The solution, a site that has the number of swear words per episode.
Data
The first step, get all the video URLs. The sitemap.xml provides a great overview of all the episodes, and regexing I got all the urls that contain game changer.
With URLs in hand, we now need to get the transcripts of each video. When enabling subtitles the browser receives a single file with the full transcript of the video.
It seems like the easiest way to get the transcripts is going to be through the subtitles, but this requires a session (logged in) and is from an iframe, so we're probably going to have to use a browser based scraping tool.
Violentmonkey is a chrome plugin for automating scripts on websites, someone had already made a script to interact with the video iframe to enable the subtitles. This is perfect but we're not going to use Violentmonkey, we're going to use puppeteer a javascript tool that uses chrominum to run a browser session.
Next step, write a script that will
- Log into dropout.tv
- Go to a video, and enable subtitles
- Collect some meta data from the page (episode, season...)
- Wait for the transcript to be sent
- Go to the next video, and loop until it's done
I'll share the most interesting scripts:
Selecting the subtitles, this is run by puppeteer in browser.
await page.evaluate(() => { const iframe = document.getElementById("watch-embed"); // if we found the iframe if (iframe) { // add the api=1 to the src iframe.src += "&api=1"; // create a new player const player = new VHX.Player("watch-embed"); // when the video is loaded player.on("loadeddata", (event) => { // get the subtitles const languages = player.getSubtitles(); // if there are subtitles if (languages.length > 0) { // set the first subtitle player.setSubtitle(languages[0].language); } }); } });
Waiting for the transcript to be loaded:
await new Promise((resolve) => { const callback = (response) => { if (response.url().includes(".vtt")) { transcripts.push({ url, vtt: response.url(), meta: content }); page.off("response", callback); fs.writeFileSync( "transcripts.json", JSON.stringify(transcripts, null, 2) ); resolve(); } }; page.on("response", callback); });
Parsing the data
Now that we have the data, we just go through each transcript with a list of cuss words, and collecting the totals of each.

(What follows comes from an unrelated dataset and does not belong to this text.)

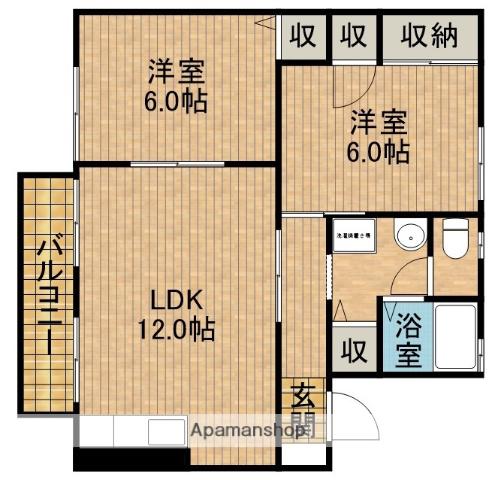 セジュールエマA(2LDK/2階)の間取り写真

const getSwearWords = (filename) => {= const swearWords = [...cuss words...]; const text = fs .readFileSync(`./downloads/${filename}.vtt`, "utf-8") .toLowerCase(); const out = {}; swearWords.forEach((word) => { const newText = text; out[word.trim()] = newText.split(word).length - 1; }); return out; };
We then package up all this into a nice json
UI
As always I threw together a simple vue app with vite.